Je l'ai appris ce matin, Jacques Abeille est mort, dimanche dernier. Par le réseau de ses amis, la nouvelle a circulé et nous plonge dans la tristesse. Rien d'officiel, une discrétion certainement voulue par Jacques lui-même, qui ne courait pas après les reconnaissances médiatiques, ni celles du petit milieu littéraire qui fait et défait les réputations. Il avait été échaudé dès son entrée dans la vie littéraire et ses relations avec ses éditeurs avaient souvent été houleuses sans que cela change un iota dans la rigueur avec laquelle il poursuivait son oeuvre. Il vivait en marge de ces remue-ménages.
Une oeuvre, le mot n'est pas trop fort.
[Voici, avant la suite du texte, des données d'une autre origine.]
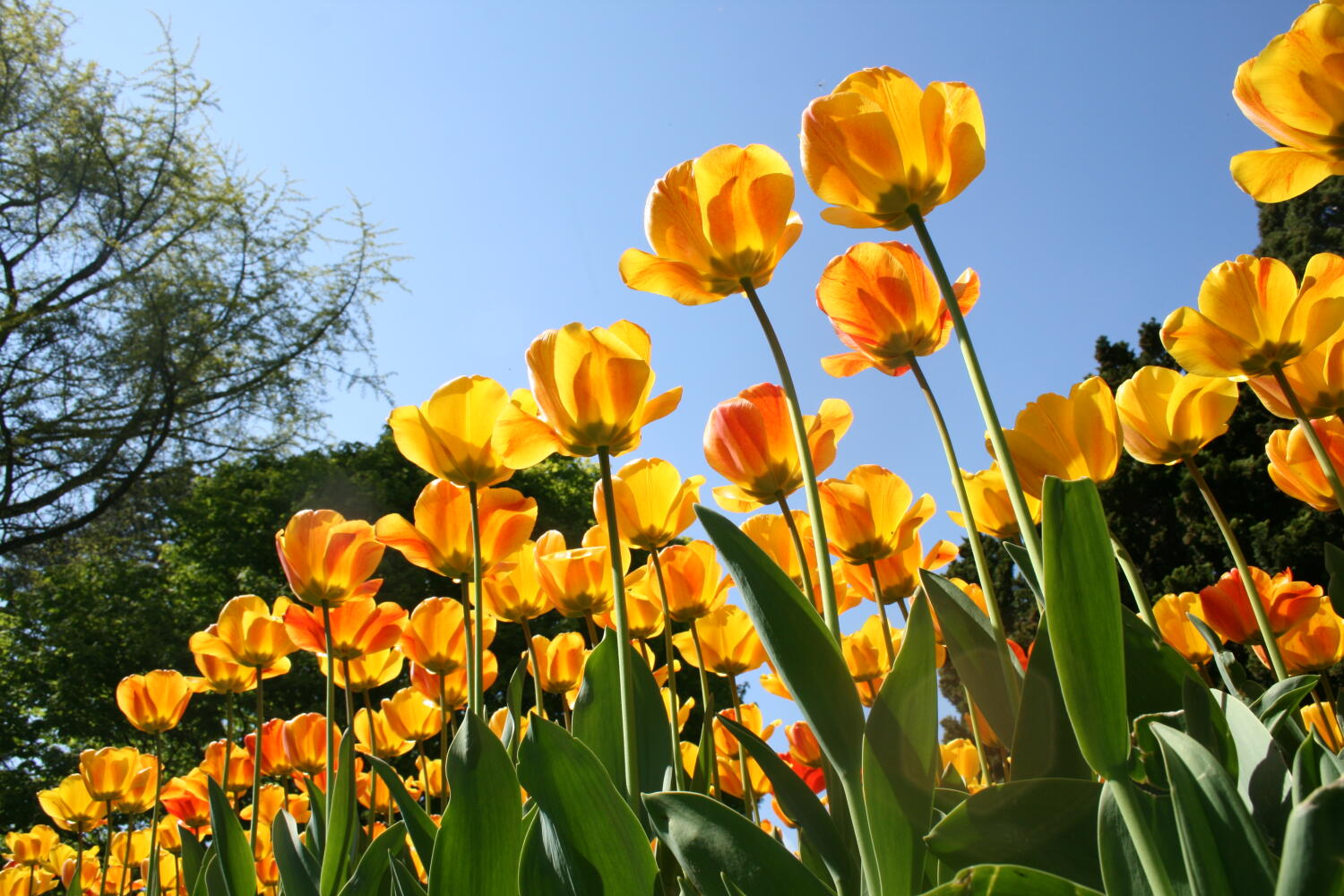 tulipes jaunes, ciel bleu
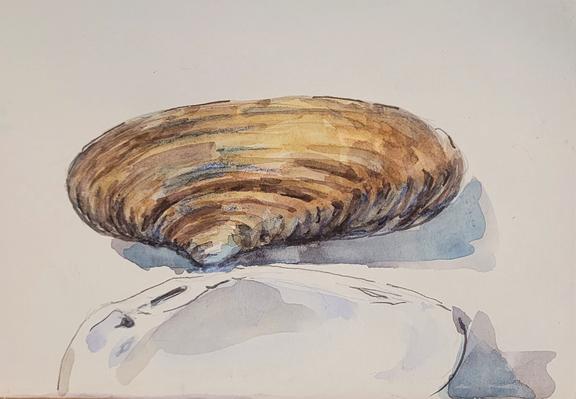 Aquarellskizze: braune, langgestreckte Muschelschale mit geriefelter Außenhaut, davor eine Zeichnung der hellen Innenseite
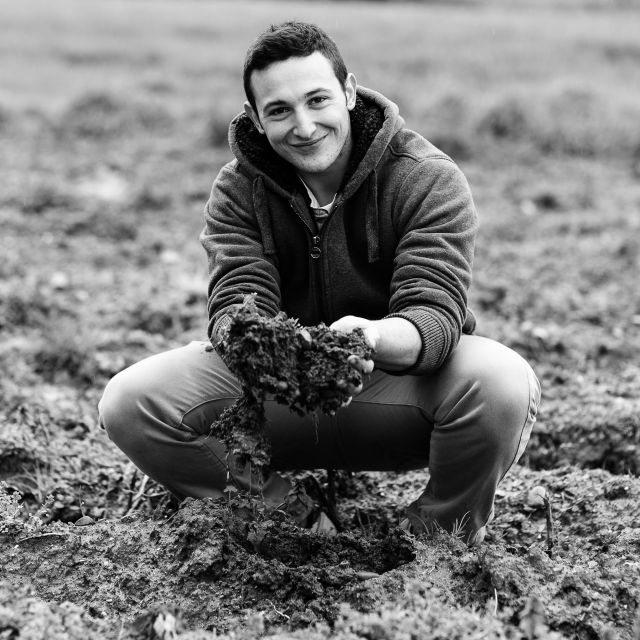 Flavors and Wine: Exclusive Tasting Tour Near Montepulciano - Local Culinary Delights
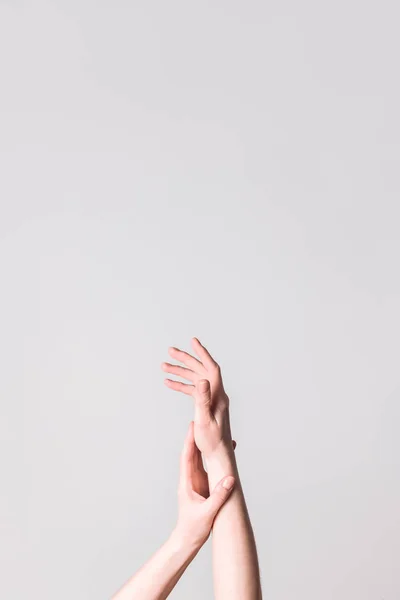 Elegant hands on neutral background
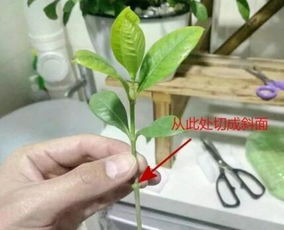 栀子花怎么扦插,轻松繁殖,花开满园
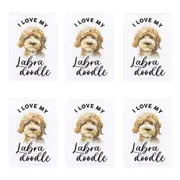 6x Splosh Pet Lovers Labradoodle 7cm Acrylic Magnet Home Fridge Decor White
Un monde qui n'appartenait qu'à lui et qu'il a continué d'explorer jusqu'au presque terme de sa vie - celui des Contrées et de Terrèbre qui en est la capitale. Je laisse à d'autres le soin d'en analyser la richesse et la très profonde originalité. Je veux simplement dire ce que son style avait d'unique - l'ampleur de la phrase, sa structure si latine que venait nourrir une poésie toujours inattendue - tellement loin des clichés, tellement foisonnante. Il était resté, par bien des aspects, proche des surréalistes. Abeille avait un double, Léo Barthe, dont les textes érotiques alliaient une langue parfaitement classique à l'exploration anatomique la plus débridée. Et lui qui avait été un professeur d'arts plastiques dont les élèves se souviennent encore avait trouvé en François Schuiten un alter ego - l'union de leurs imaginaires a donné l'album des Mers perdues et en Pauline Berneron l'illustratrice parfaite de ses rêves.
Dans le visage émacié de ses dernières années flambait la lumière d'un regard qui avait outrepassé le réel.